#### About this task
Each line of the material must be repeated precisely, with the pictures left out.

#### Dataset excerpt
++++

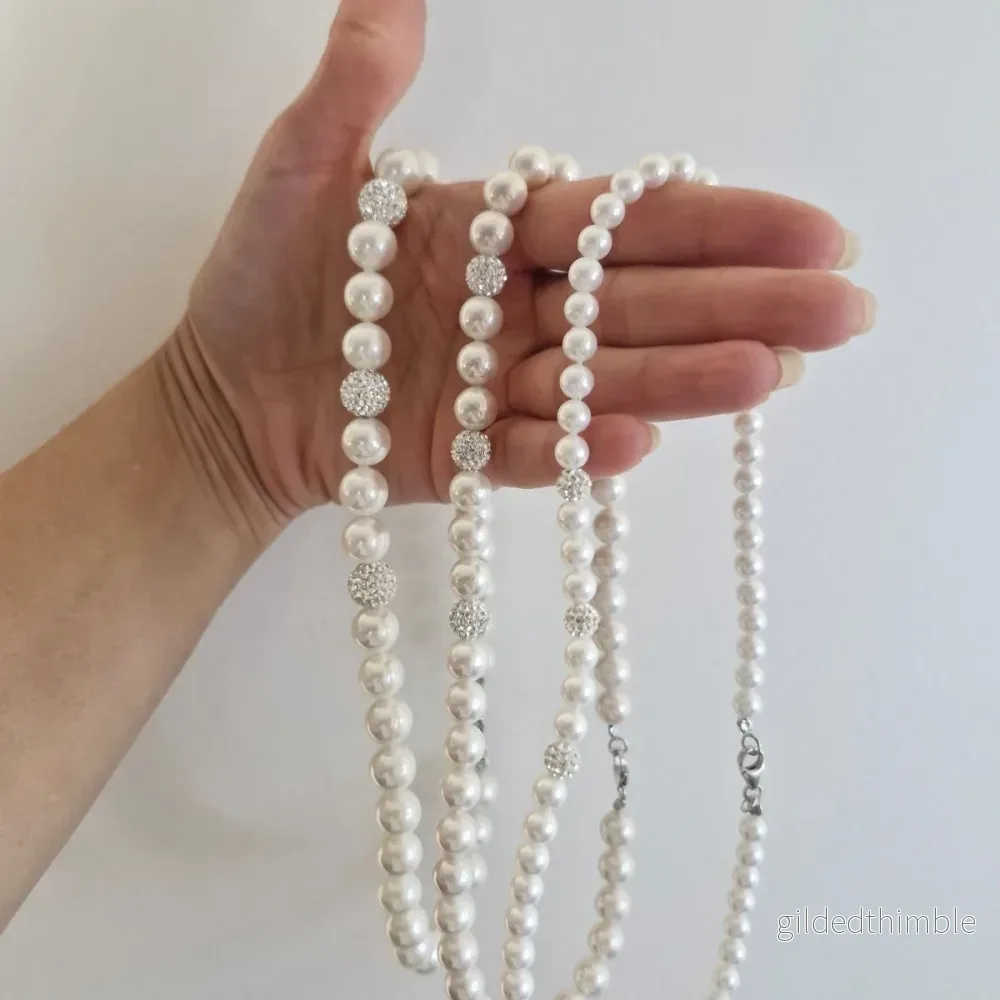 Pärlhalsband med Swarowski 925 - Bild 2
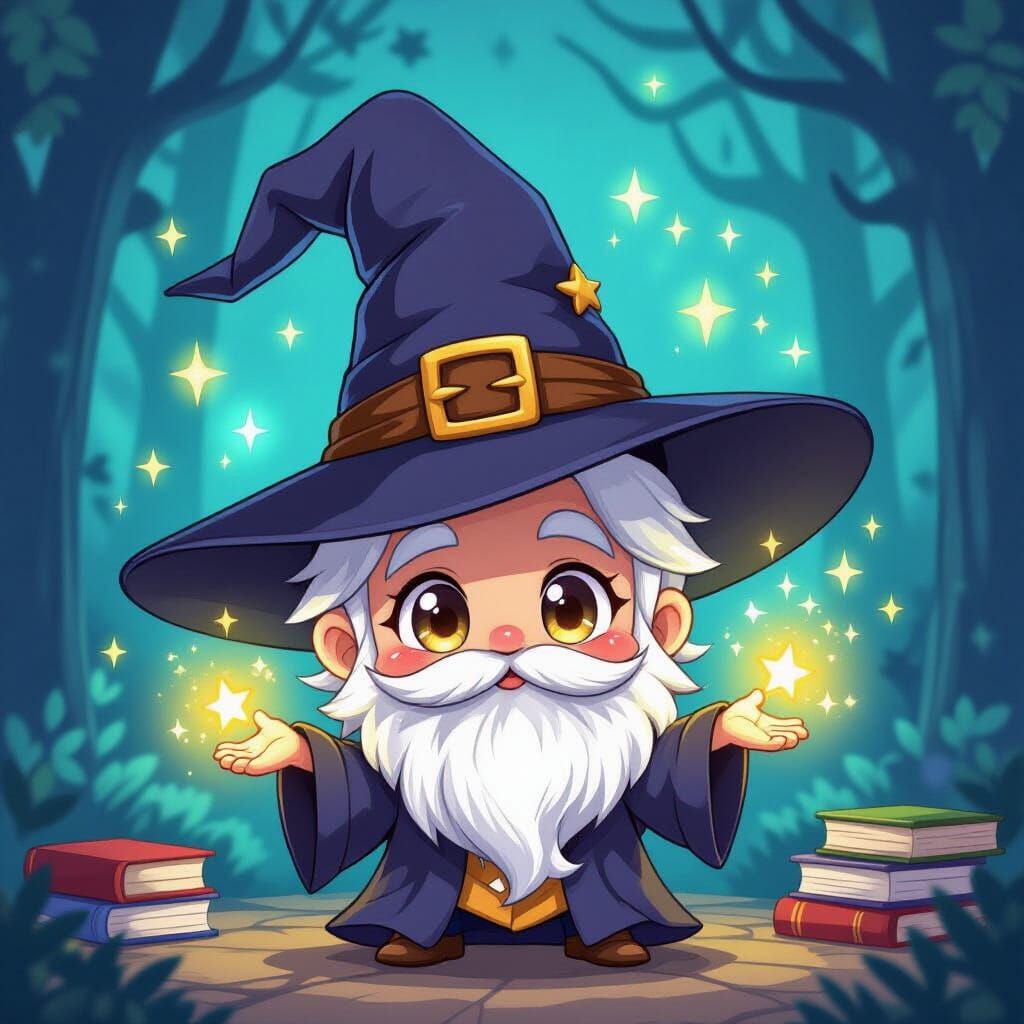 Magical Wizard Sorting Hat in Anime Chibi Style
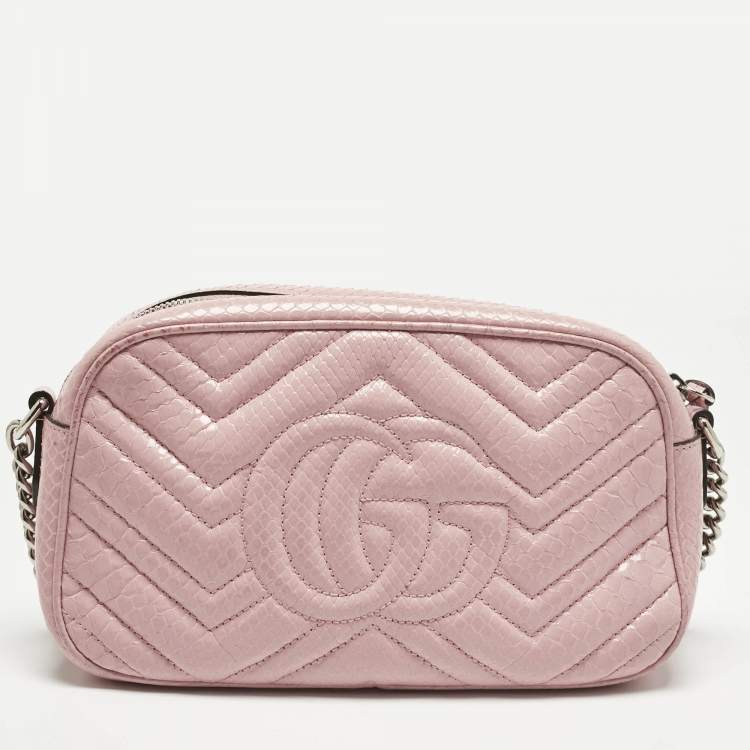 Pre Owned Gucci Pink Snakeskin Small GG Marmont Camera Bag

++++

#### Answer box
 Pärlhalsband med Swarowski 925 - Bild 2
 Magical Wizard Sorting Hat in Anime Chibi Style
 Pre Owned Gucci Pink Snakeskin Small GG Marmont Camera Bag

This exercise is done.